Perché continuo a camminare questa ferrovia, perché continuo a venirci, perché mi ostino a voler vedere  e mettere i piedi in questo mondo morto che neanche più somiglia a quello che era?
C’è qualcosa, oltre il cancello di queste stazioni, che è andato perduto, che è stato cancellato dal paesaggio-paese da cui vengo e che sto per lasciare per andare ad abitarne uno nuovo. Mi sa che è questo qualcosa di cancellato dietro il cancello – che sta anche dall’altra parte del cervello, come dice la canzone – che cerco. E che ogni volta lo trovo, puntuale, in ogni stazione a dirmi che sì, ormai posso andare perché di quello che mi tratteneva non è rimasto più molto. Quello che vengo a cercare è il segno tangibile della continuità interrotta tra me e quello che mi stava intorno, gli strappi nella trama della tela in cui sono nata e dentro i quali voglio guardare per poter capire e infine partire serena con la valigia che pesa il giusto, ché qualcosa dovrà essere lasciato indietro. Ecco, questo vengo a fare: a passare cancelli di tempi cancellati, scendo alle fermate che nessuno chiede più e che portano fino all’altra parte del cervello, per sapere cosa portare via con me e cosa no sul treno che mi porterà dall’altra parte del pozzo-paese.

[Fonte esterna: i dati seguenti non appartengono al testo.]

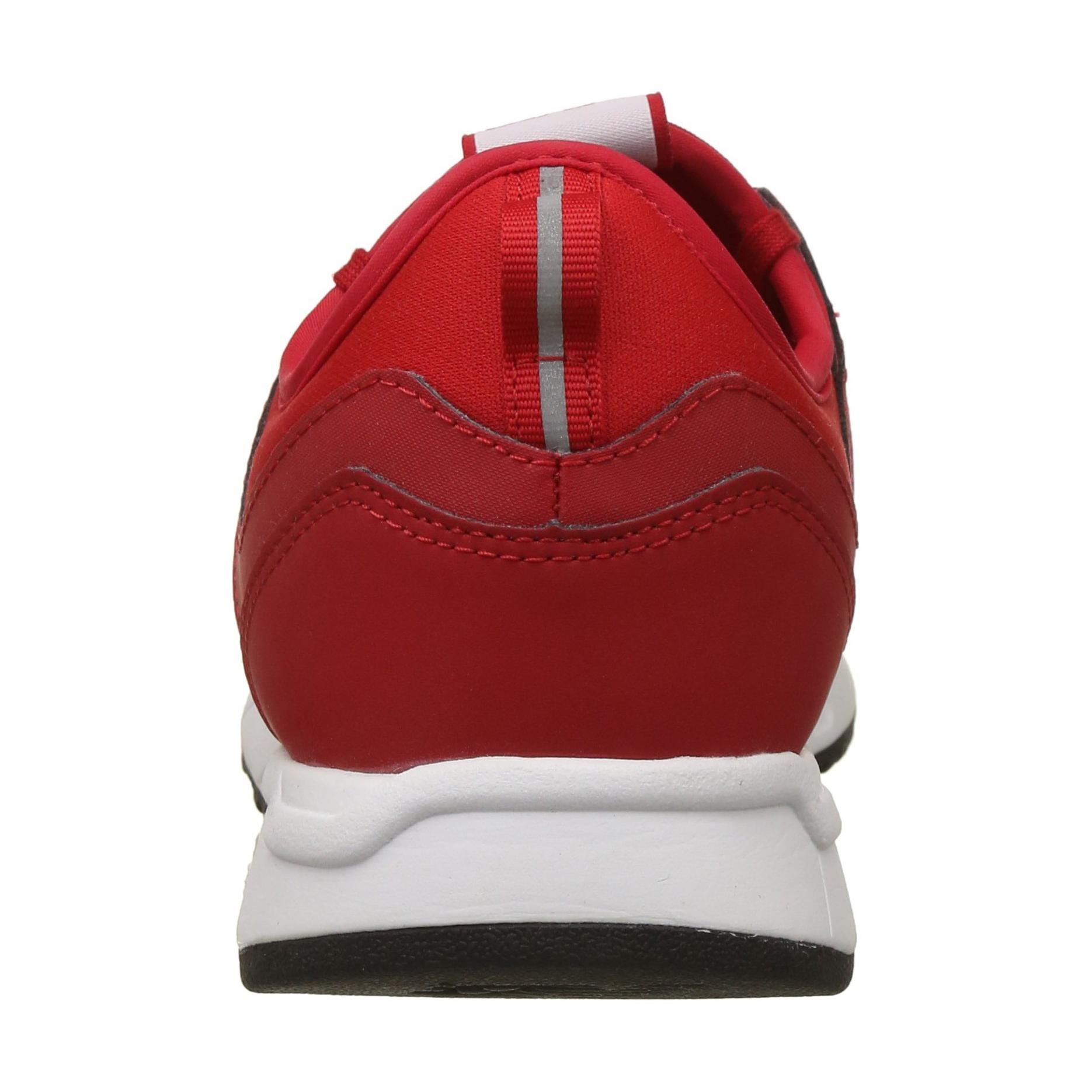 Purchase (JR) New Balance 247 'Merah Klasik' KL247CCG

 Questa stazione forse per qualche tempo è stata salvata da quella fabbrica abbandonata laggiù: ghiaia, lavoro, uomini, voci con la polvere nei polmoni. Ma poi anche qui il mondo è andato avanti. All’angolo dell’incrocio che porta qui c’è una croce di quelle che recano gli strumenti della Passione e, ai suoi piedi, spaccata, la targa di marmo che dice che è qui da cinquantasette anni. Mi ci voglio sedere, in mezzo a questo binario di legno, di erba secca, di mele e di fiori, voglio aspettare qui e mi ci voglio disfare. Quando mi rialzerò, così disfatta, dopo la disfatta, sarò forse pronta per andare avanti anch’io.